On 7 Dec 2005, at 16:10, Scott Thompson wrote:

On Dec 7, 2005, at 8:50 AM, Jim Marschke wrote:

But that means every time I want to draw the path I have to recreate it. That can take a while when I have thousands of points -- and multiple paths. The path itself seems to be a great storage area, and when I resize I just do a transform rather than rebuilding. There are easy ways to append data to a path, I was hoping someone knew of a way to remove data.

Jim

A much better strategy would be to filter the 10,000 points depending on how you plan to display them. In the example above, you could choose every 10th point, or average 10 points, or any of a number of other strategies to generate a path of only 1000 points.

I'm going to chip in here because I've seen people screw this up time after time. You absolutely cannot just choose every 10th point unless you're certain that your data has only small frequency components at over one tenth of the collection frequency. If you don't pay attention to this, you'll display completely the wrong graph (lots of sample editors do this, which is quite inexcusable because they are written by people who should know better; you can see the effect as you zoom in/out of the sample data).

You *do* need to process the data a bit; a simple way to do this is to "minimax" the points you're amalgamating, by which I mean you find the minimum value and the maximum value, and draw a line between those two. This means you can skip lots of intermediate points whilst keeping the display sensible.

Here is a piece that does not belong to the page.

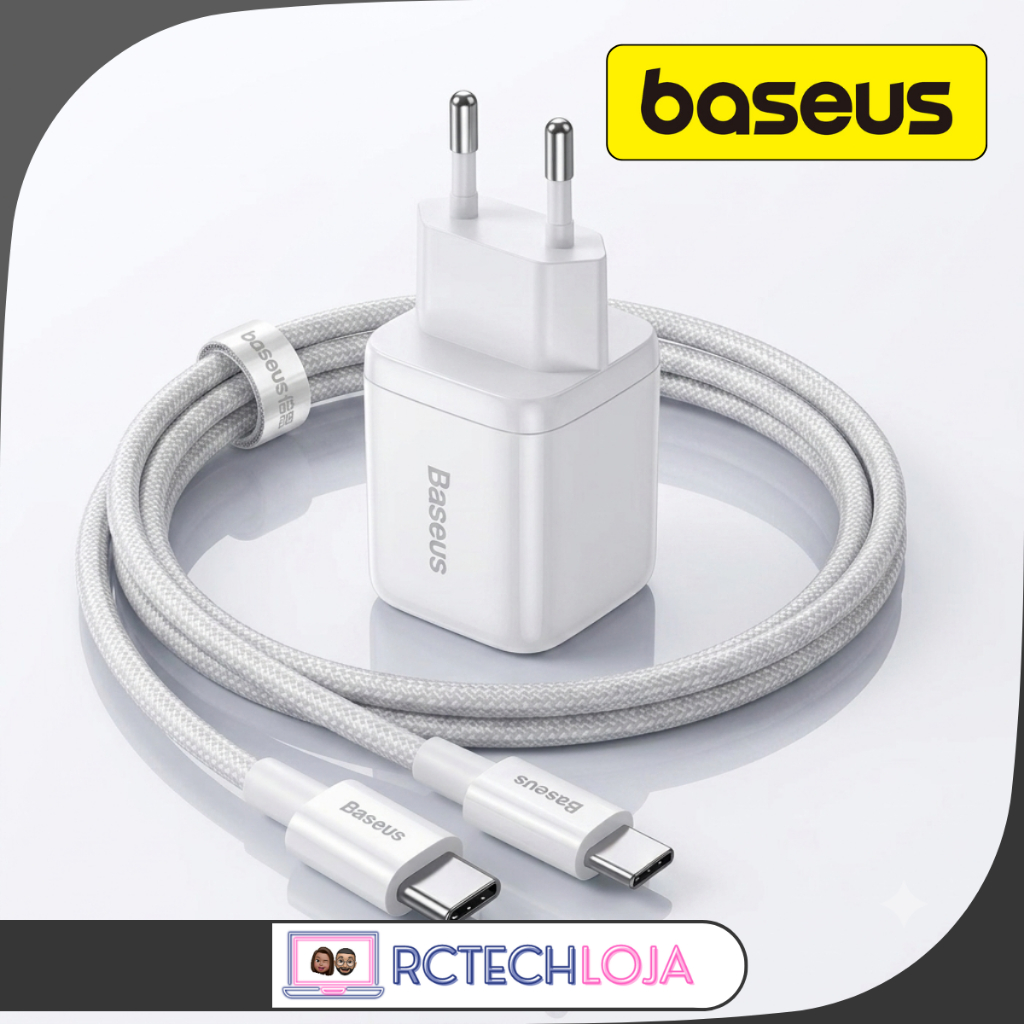 Kit Carregador Turbo Baseus GaN 30W 45W + Cabo USB C 100W Carregamento Rápido Compatível iPhone Samsung Xiaomi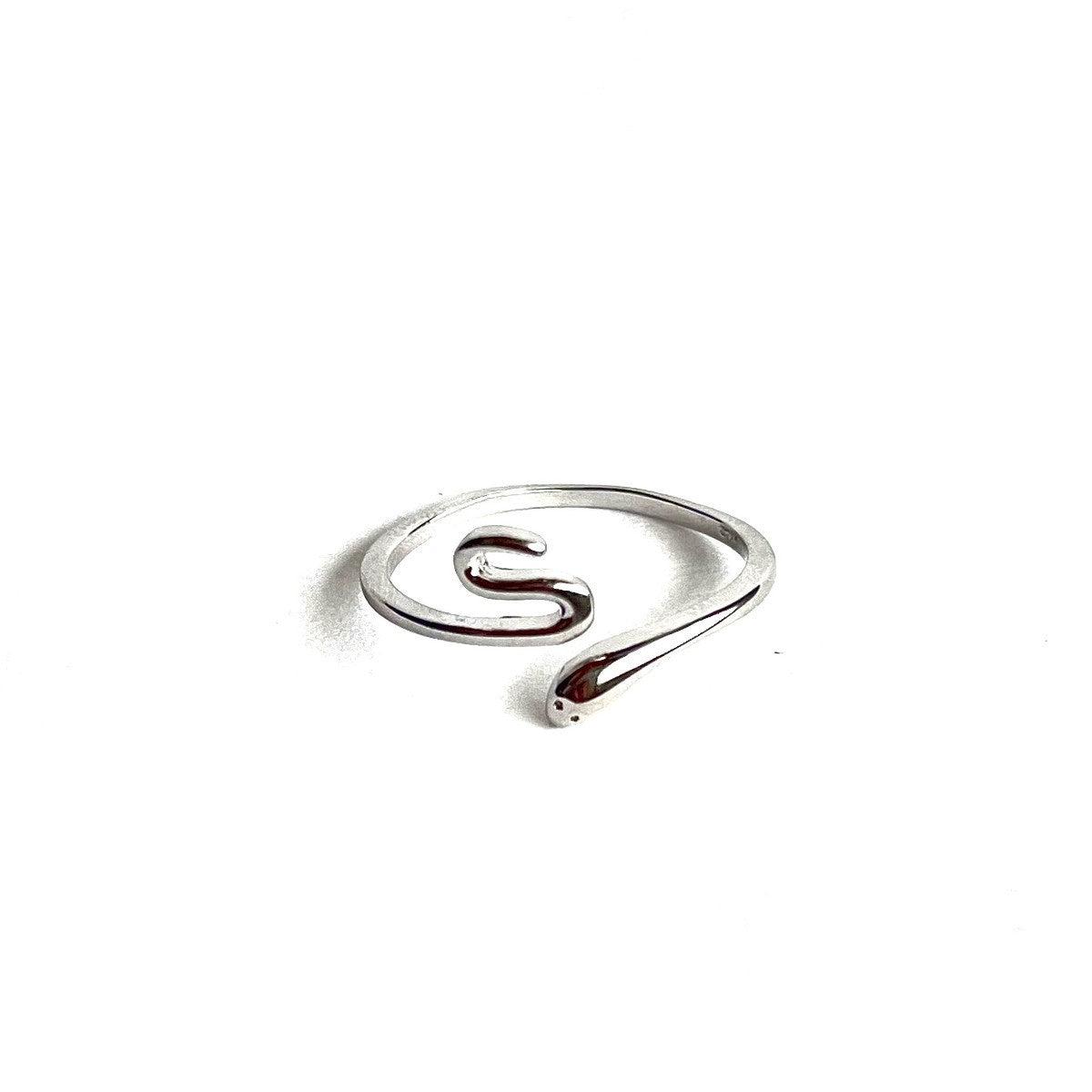 Sterling Silver Rhodium Plated Snake Ring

Alternatively you could use a digital filter (the specification for which depends on your application), or even use a combination (e.g. you might draw a light- coloured line using the minimax approach, then mark in the 95th percentile in a darker colour).

Also, if you're finding that NSBezierPath is too slow (e.g. because your data set is very large), you could try OpenGL. The latter is hardware accelerated and because it doesn't give the same image quality guarantees that Core Graphics does, it can be a lot faster for this type of application.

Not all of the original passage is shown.